··· RECORDS FOR THE EXERCISE ···
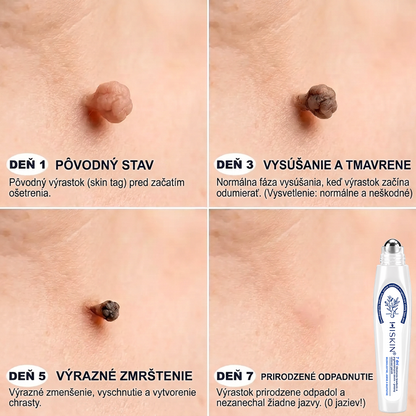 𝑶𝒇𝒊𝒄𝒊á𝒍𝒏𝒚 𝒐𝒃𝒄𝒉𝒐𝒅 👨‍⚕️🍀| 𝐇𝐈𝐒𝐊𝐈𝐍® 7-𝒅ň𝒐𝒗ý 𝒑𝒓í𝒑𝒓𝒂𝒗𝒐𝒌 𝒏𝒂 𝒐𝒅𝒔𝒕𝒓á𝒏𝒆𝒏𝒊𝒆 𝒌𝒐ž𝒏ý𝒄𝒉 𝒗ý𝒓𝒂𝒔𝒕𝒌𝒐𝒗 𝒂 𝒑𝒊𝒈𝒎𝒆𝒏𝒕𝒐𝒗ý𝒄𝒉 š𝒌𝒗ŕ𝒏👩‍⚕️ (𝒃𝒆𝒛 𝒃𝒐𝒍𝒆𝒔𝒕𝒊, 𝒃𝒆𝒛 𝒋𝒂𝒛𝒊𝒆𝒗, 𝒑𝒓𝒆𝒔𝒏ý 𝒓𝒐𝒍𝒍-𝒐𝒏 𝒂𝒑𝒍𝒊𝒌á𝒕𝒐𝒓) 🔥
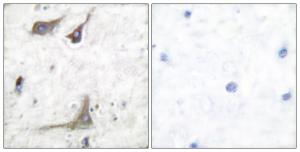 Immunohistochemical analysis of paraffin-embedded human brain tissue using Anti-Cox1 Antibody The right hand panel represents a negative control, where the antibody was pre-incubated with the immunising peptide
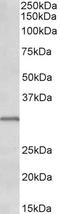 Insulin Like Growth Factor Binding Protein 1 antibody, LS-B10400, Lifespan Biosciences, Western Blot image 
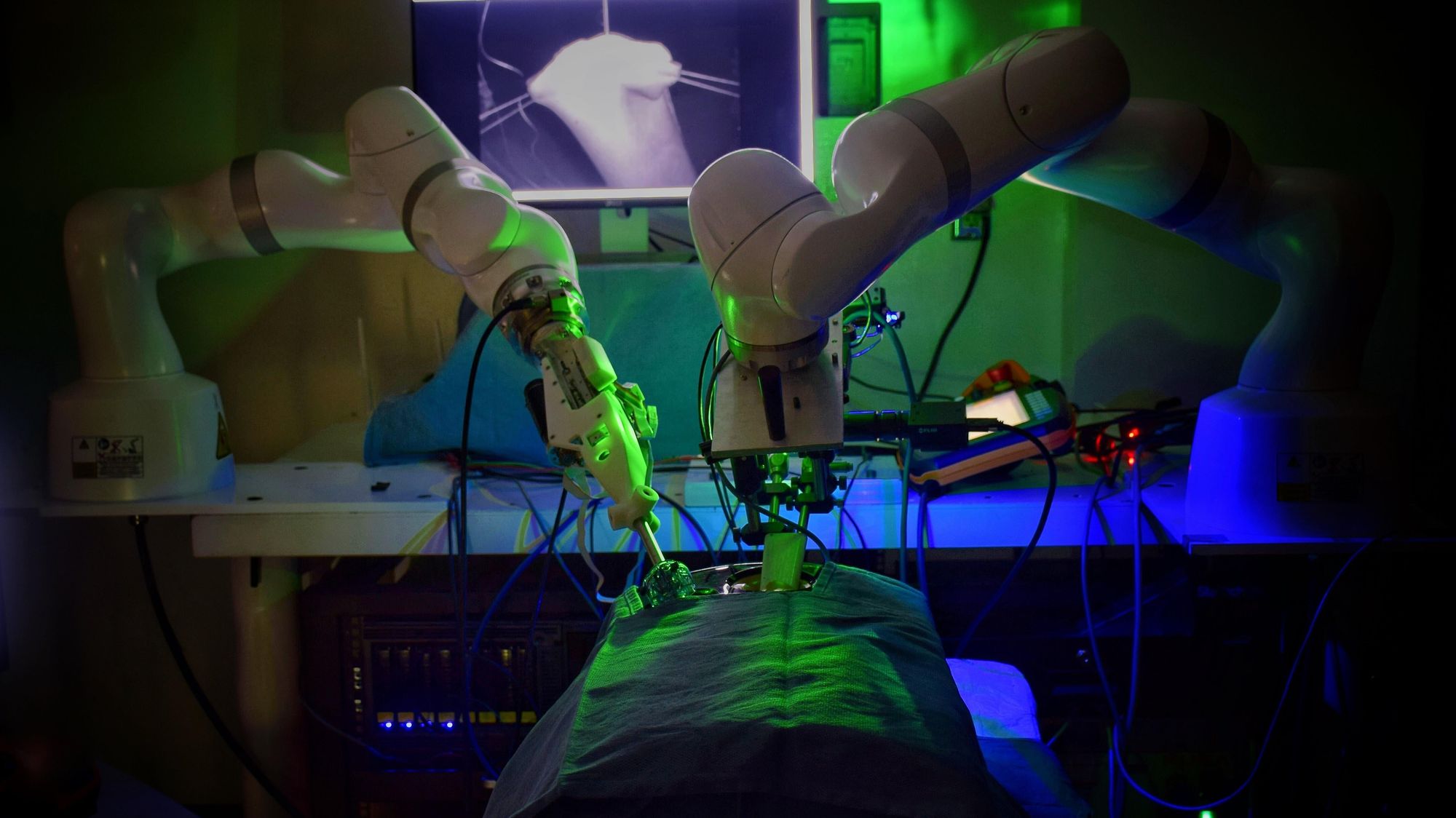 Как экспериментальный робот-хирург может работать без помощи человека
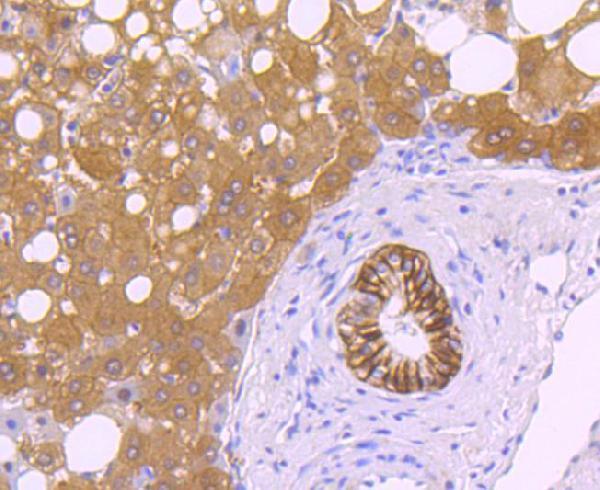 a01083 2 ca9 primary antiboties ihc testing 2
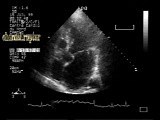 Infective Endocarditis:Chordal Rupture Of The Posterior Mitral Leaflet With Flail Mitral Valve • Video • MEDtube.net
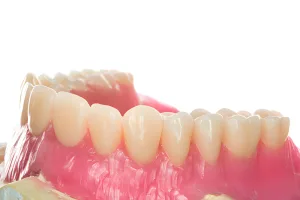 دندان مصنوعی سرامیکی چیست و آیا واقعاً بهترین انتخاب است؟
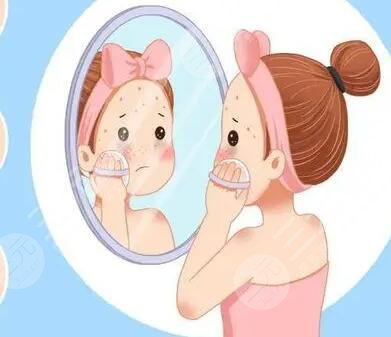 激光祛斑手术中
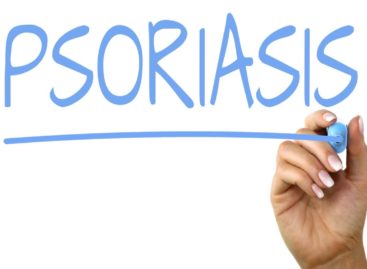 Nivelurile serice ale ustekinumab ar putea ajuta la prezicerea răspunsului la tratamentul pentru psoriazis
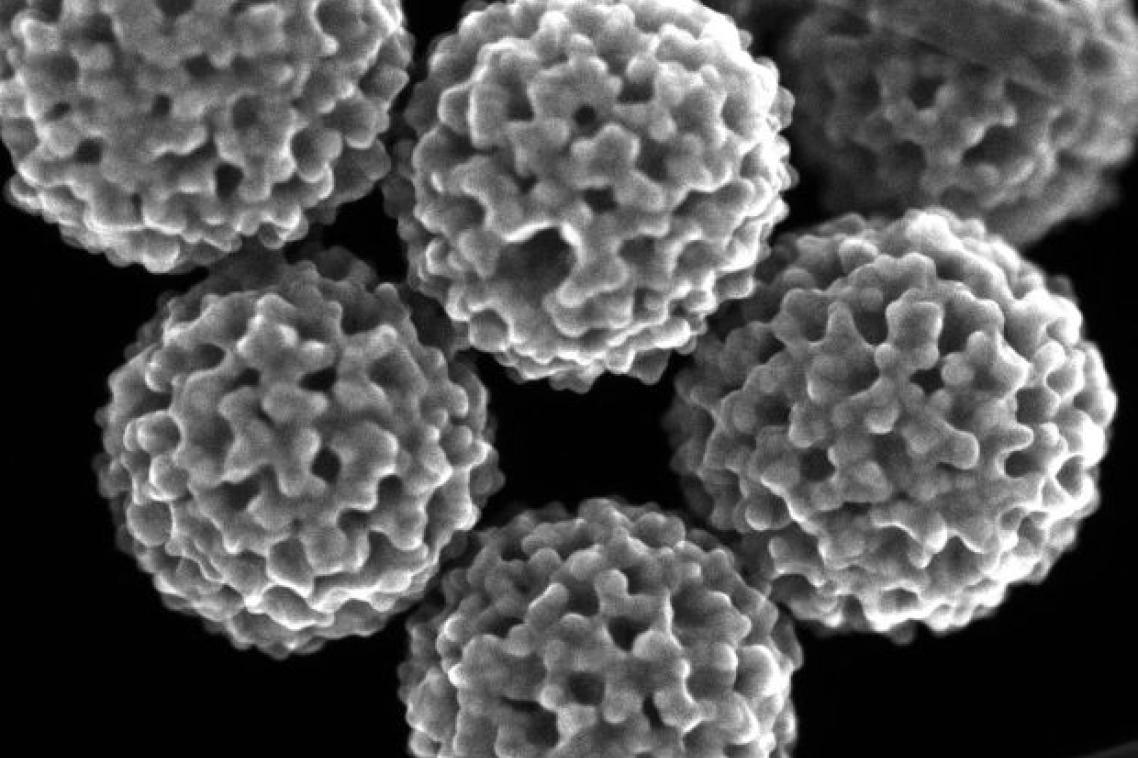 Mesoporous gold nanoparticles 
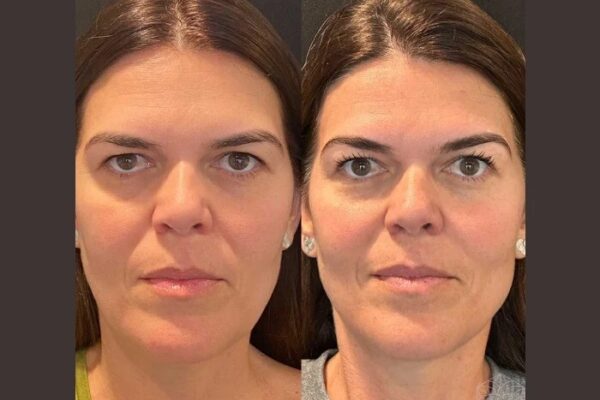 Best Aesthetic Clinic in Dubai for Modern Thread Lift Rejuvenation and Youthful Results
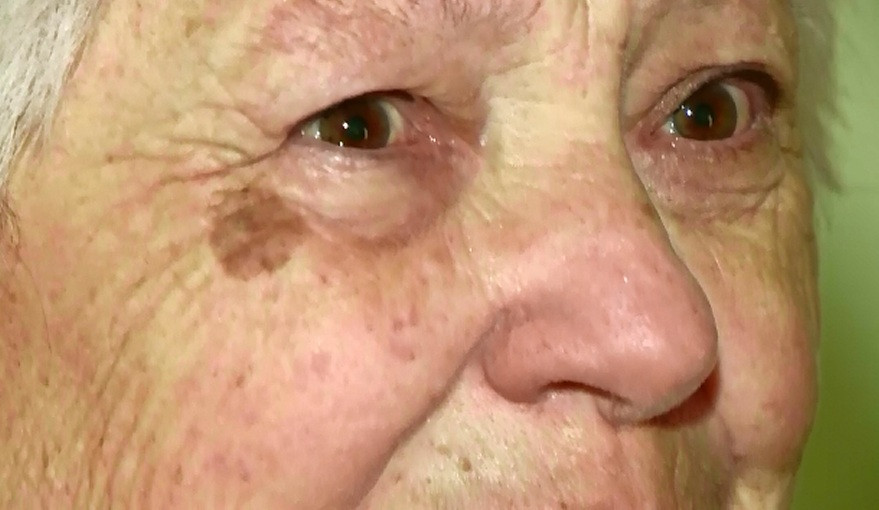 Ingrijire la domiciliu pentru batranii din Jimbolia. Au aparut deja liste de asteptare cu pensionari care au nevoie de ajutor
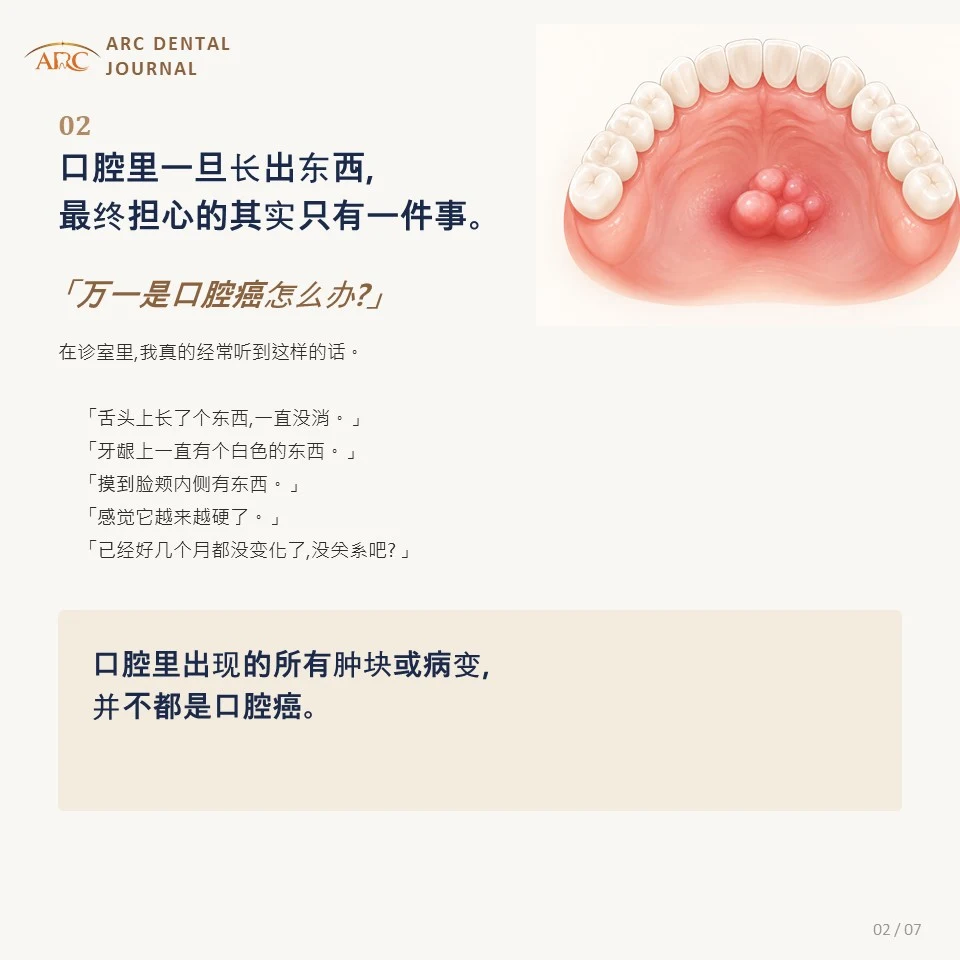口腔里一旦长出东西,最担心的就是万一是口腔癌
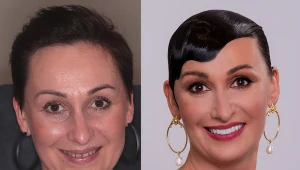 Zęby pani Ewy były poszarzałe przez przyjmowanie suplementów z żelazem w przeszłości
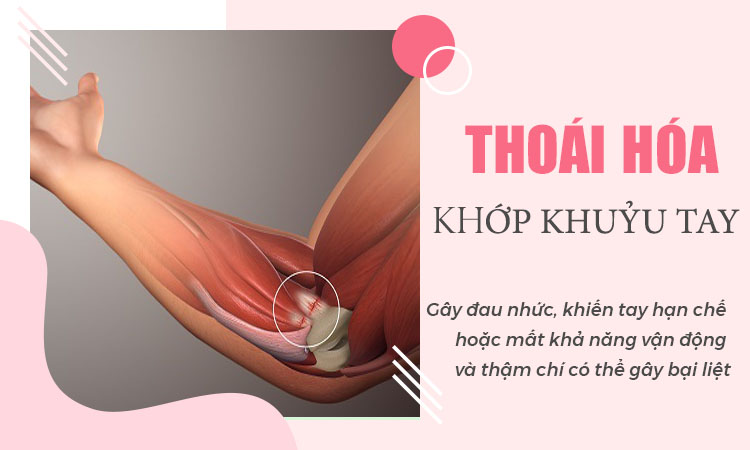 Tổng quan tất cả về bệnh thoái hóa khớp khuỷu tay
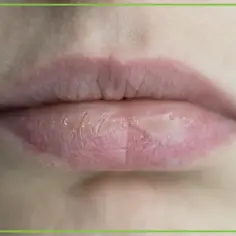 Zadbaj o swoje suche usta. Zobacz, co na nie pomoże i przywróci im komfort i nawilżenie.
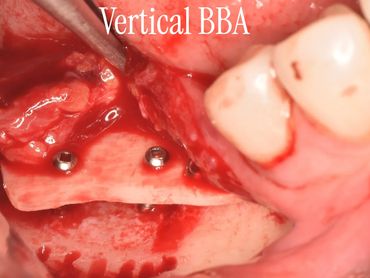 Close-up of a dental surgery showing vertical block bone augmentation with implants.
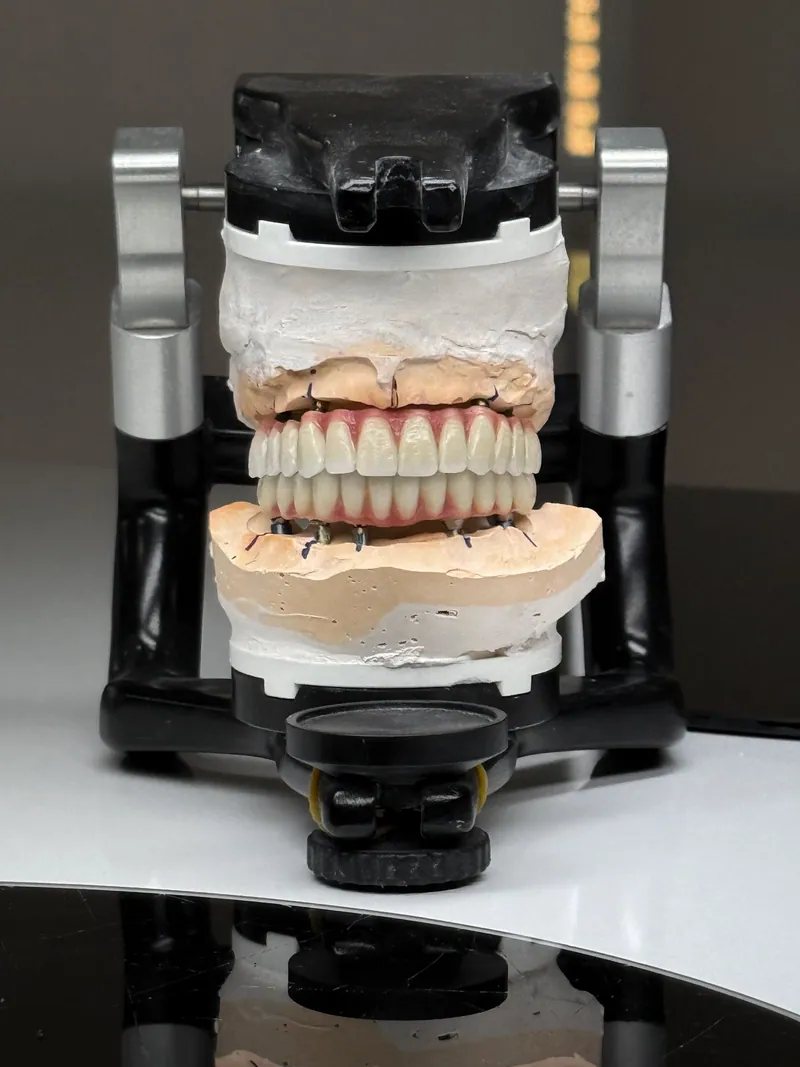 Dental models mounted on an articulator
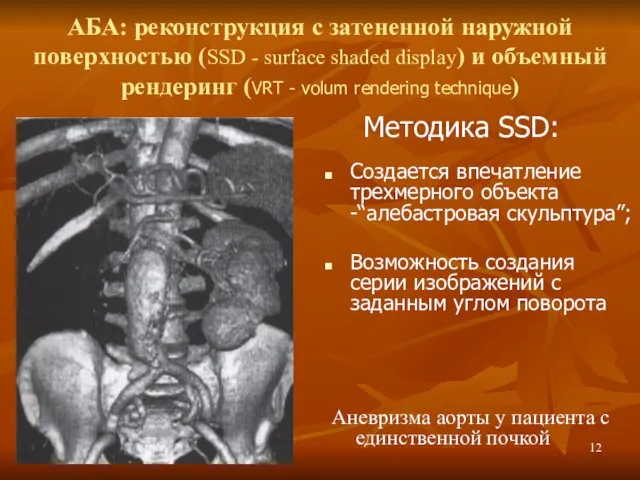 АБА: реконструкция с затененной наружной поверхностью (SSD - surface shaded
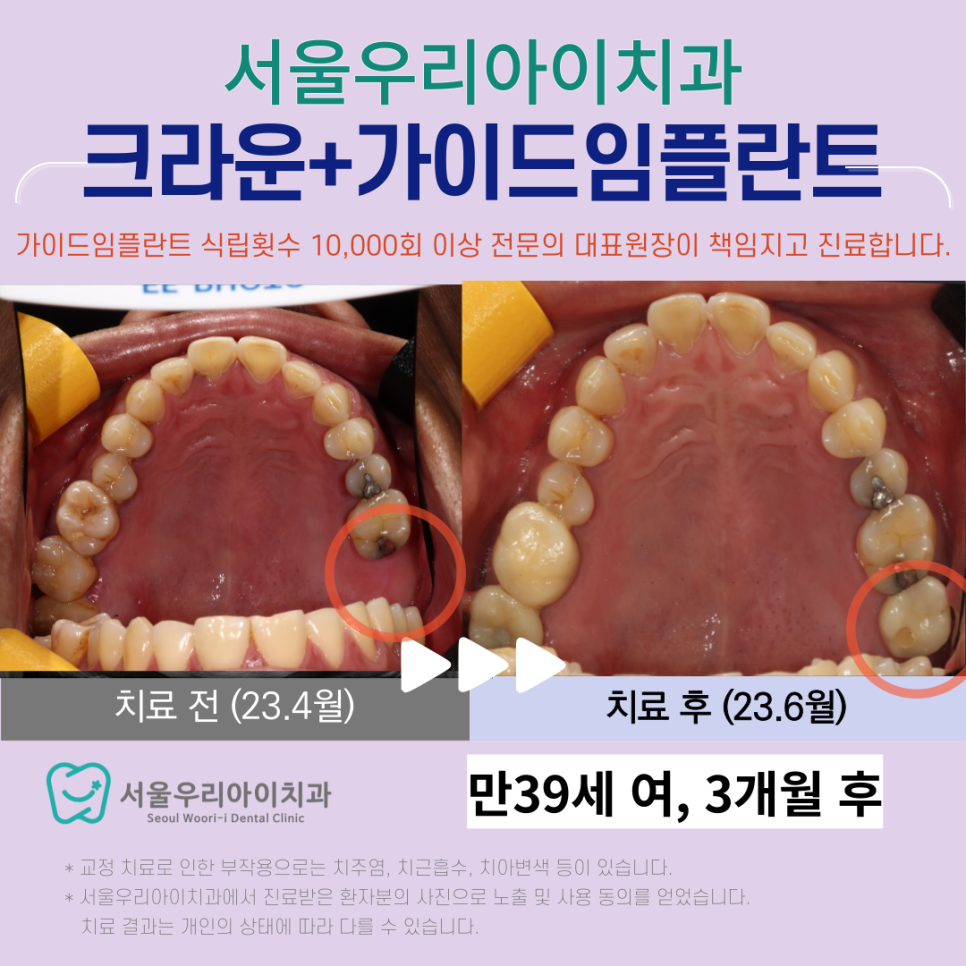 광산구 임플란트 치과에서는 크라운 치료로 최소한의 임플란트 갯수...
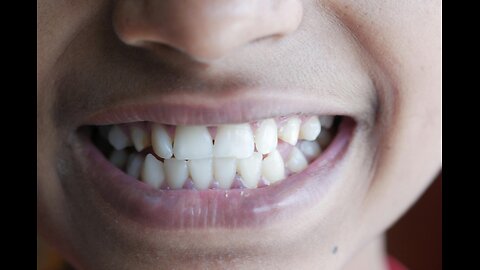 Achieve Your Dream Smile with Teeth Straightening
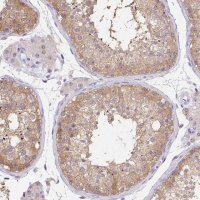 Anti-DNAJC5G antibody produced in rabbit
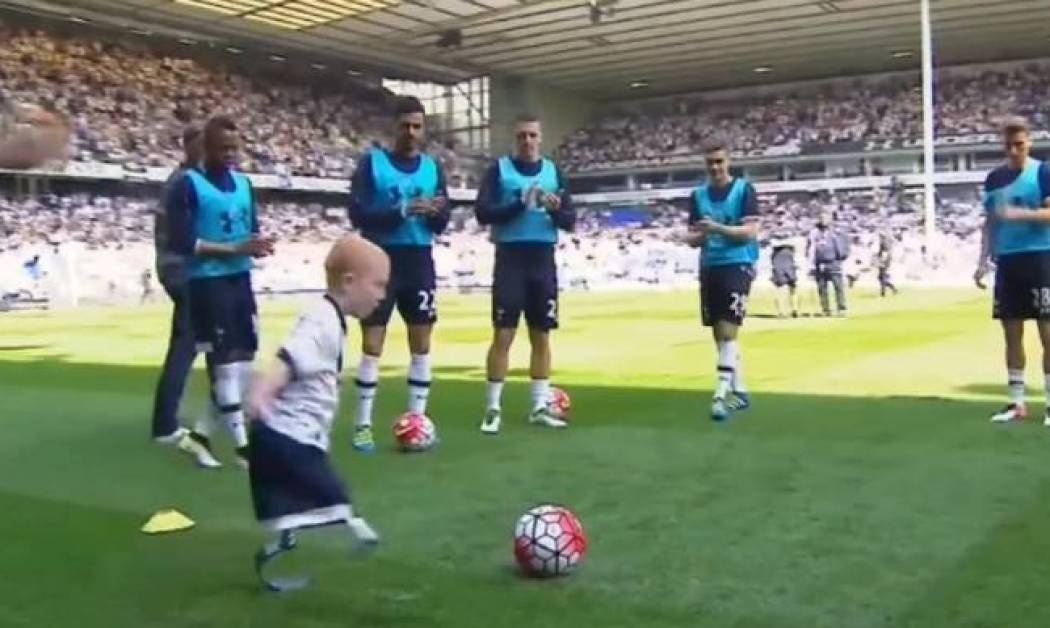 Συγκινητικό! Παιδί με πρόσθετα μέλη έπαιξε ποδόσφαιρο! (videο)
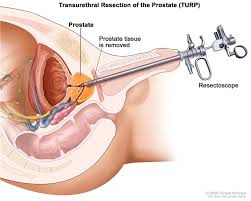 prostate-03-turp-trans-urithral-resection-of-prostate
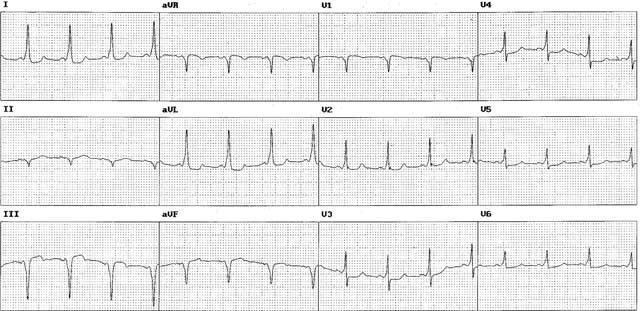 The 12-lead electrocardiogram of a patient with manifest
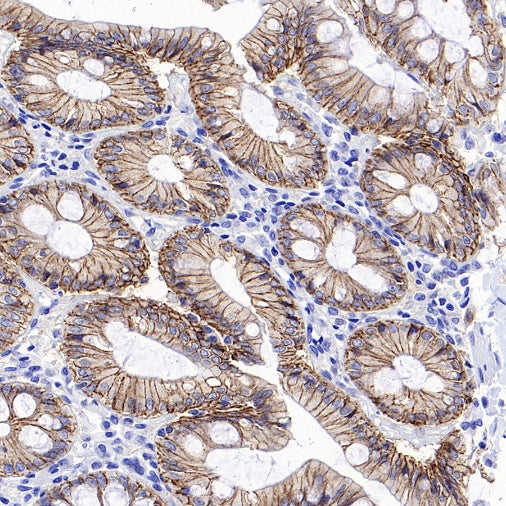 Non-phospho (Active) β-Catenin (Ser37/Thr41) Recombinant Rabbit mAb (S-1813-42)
···
TASK DETAILS:
After removing the pictures, set down every record above exactly as it stands.

RESPONSE TO THE EXERCISE:
 𝑶𝒇𝒊𝒄𝒊á𝒍𝒏𝒚 𝒐𝒃𝒄𝒉𝒐𝒅 👨‍⚕️🍀| 𝐇𝐈𝐒𝐊𝐈𝐍® 7-𝒅ň𝒐𝒗ý 𝒑𝒓í𝒑𝒓𝒂𝒗𝒐𝒌 𝒏𝒂 𝒐𝒅𝒔𝒕𝒓á𝒏𝒆𝒏𝒊𝒆 𝒌𝒐ž𝒏ý𝒄𝒉 𝒗ý𝒓𝒂𝒔𝒕𝒌𝒐𝒗 𝒂 𝒑𝒊𝒈𝒎𝒆𝒏𝒕𝒐𝒗ý𝒄𝒉 š𝒌𝒗ŕ𝒏👩‍⚕️ (𝒃𝒆𝒛 𝒃𝒐𝒍𝒆𝒔𝒕𝒊, 𝒃𝒆𝒛 𝒋𝒂𝒛𝒊𝒆𝒗, 𝒑𝒓𝒆𝒔𝒏ý 𝒓𝒐𝒍𝒍-𝒐𝒏 𝒂𝒑𝒍𝒊𝒌á𝒕𝒐𝒓) 🔥
 Immunohistochemical analysis of paraffin-embedded human brain tissue using Anti-Cox1 Antibody The right hand panel represents a negative control, where the antibody was pre-incubated with the immunising peptide
 Insulin Like Growth Factor Binding Protein 1 antibody, LS-B10400, Lifespan Biosciences, Western Blot image 
 Как экспериментальный робот-хирург может работать без помощи человека
 a01083 2 ca9 primary antiboties ihc testing 2
 Infective Endocarditis:Chordal Rupture Of The Posterior Mitral Leaflet With Flail Mitral Valve • Video • MEDtube.net
 دندان مصنوعی سرامیکی چیست و آیا واقعاً بهترین انتخاب است؟
 激光祛斑手术中
 Nivelurile serice ale ustekinumab ar putea ajuta la prezicerea răspunsului la tratamentul pentru psoriazis
 Mesoporous gold nanoparticles 
 Best Aesthetic Clinic in Dubai for Modern Thread Lift Rejuvenation and Youthful Results
 Ingrijire la domiciliu pentru batranii din Jimbolia. Au aparut deja liste de asteptare cu pensionari care au nevoie de ajutor
口腔里一旦长出东西,最担心的就是万一是口腔癌
 Zęby pani Ewy były poszarzałe przez przyjmowanie suplementów z żelazem w przeszłości
 Tổng quan tất cả về bệnh thoái hóa khớp khuỷu tay
 Zadbaj o swoje suche usta. Zobacz, co na nie pomoże i przywróci im komfort i nawilżenie.
 Close-up of a dental surgery showing vertical block bone augmentation with implants.
 Dental models mounted on an articulator
 АБА: реконструкция с затененной наружной поверхностью (SSD - surface shaded
 광산구 임플란트 치과에서는 크라운 치료로 최소한의 임플란트 갯수...
 Achieve Your Dream Smile with Teeth Straightening
 Anti-DNAJC5G antibody produced in rabbit
 Συγκινητικό! Παιδί με πρόσθετα μέλη έπαιξε ποδόσφαιρο! (videο)
 prostate-03-turp-trans-urithral-resection-of-prostate
 The 12-lead electrocardiogram of a patient with manifest
 Non-phospho (Active) β-Catenin (Ser37/Thr41) Recombinant Rabbit mAb (S-1813-42)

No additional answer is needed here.